Aggregate borrowings across 10 listed Fast-Moving Consumer Goods (FMCG) companies rose to N1.905 trillion in 2025, reflecting heightened reliance on debt financing amid elevated input costs, FX volatility, and working capital pressures.
The surge signifies how consumer goods manufacturers are leaning on loans to fund operations, expansion, and inventory builds as pricing power and margins remain squeezed by inflation, Nairametrics reported.
An analysis of audited full year 2025 financial statements of major FMCG companies listed on the Nigerian Exchange showed that Dangote Sugar Refinery Plc, Nestlé Nigeria Plc, and BUA Foods Plc recorded the largest debt positions in the sector.
The review also indicated that debt size alone does not fully determine financial strength, as liquidity levels, shareholder equity, and leverage ratios remain critical in assessing sustainability.
While some companies moved aggressively to cut borrowings and rebuild liquidity, others maintained large debt books to support expansion projects, inventory financing, and working capital requirements.
The three most indebted FMCG companies accounted for the bulk of borrowings among listed operators in 2025, while some peers ended the year in stronger net cash positions.
The figures suggested that large FMCG players continue to rely on debt financing for expansion, inventory management, and working capital requirements.
Beyond the top three, several companies made notable progress in deleveraging during the year, while others maintained relatively modest borrowings.
Dangote Sugar Refinery ranked as the most indebted company with total borrowings of N725.31 billion, up 1.09 per cent from N717.51 billion in 2024. Nestlé Nigeria followed with a debt profile of N476.04 billion in 2025, lower than N653.70 billion in 2024, yet remains structurally overleveraged; while BUA Foods posted borrowings of N469.38 billion, lower by 4.82 per cent from N493.14 billion in the prior year.

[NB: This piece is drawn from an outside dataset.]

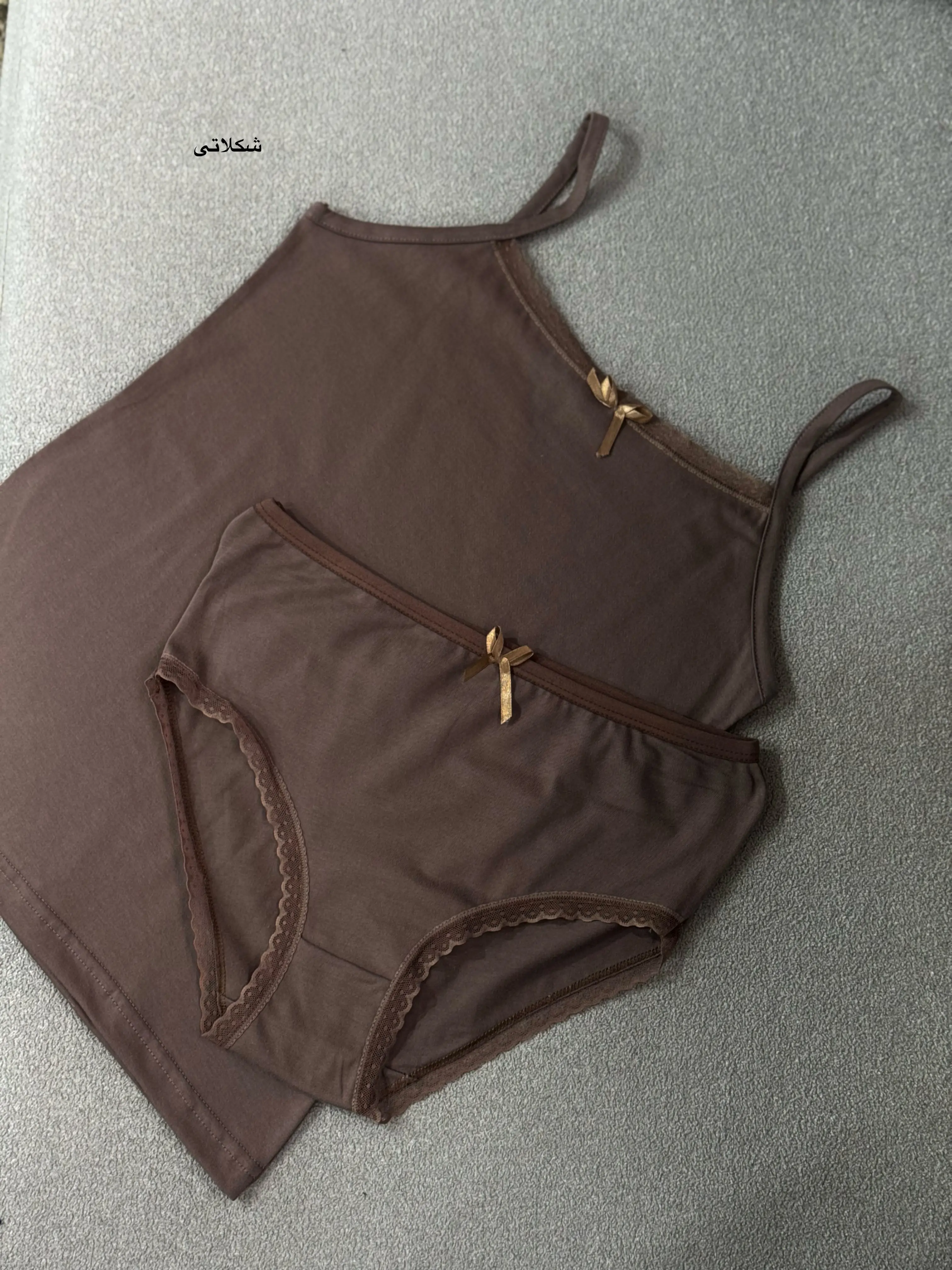 ست تاپ و شورتک زنانه لیا 1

Others are PZ Cussons Nigeria (N71.27 billion), Nigerian Breweries (N59.71 billion), Champion Breweries (N59.03 billion), Guinness Nigeria (N43.92 billion), Honeywell Flour Mills (N26.97 billion), Cadbury Nigeria (N22.81billion) and Vitafoam Nigeria (N9.30 billion).
The report showed that Dangote Sugar Refinery remains heavily leveraged, with debt continuing to play a major role in financing operations and expansion. For a large-scale sugar producer, this may be strategic, but it raises sensitivity to interest costs and execution risk.
“This implies that the firm is highly exposed to financing costs, especially in a high-interest rate environment.”
The Company said that “notably, several listed consumer goods firms ended full year 2025 with more cash than debt, placing them in relatively stronger liquidity positions.”
It added that consumer goods companies have faced sustained pressure over the past two years as inflation raised production costs, interest rates increased financing expenses, and currency depreciation inflated the cost of imported raw materials.
“Many firms responded by restructuring debt and reducing exposure to expensive borrowings. Others relied on loans to sustain operations, fund inventory purchases, or finance expansion plans. Companies with stronger cash positions were better able to absorb economic shocks. Weak equity positions made leverage ratios appear more stretched for some operators. This explains why debt levels varied widely across the sector despite similar macroeconomic conditions,” it added.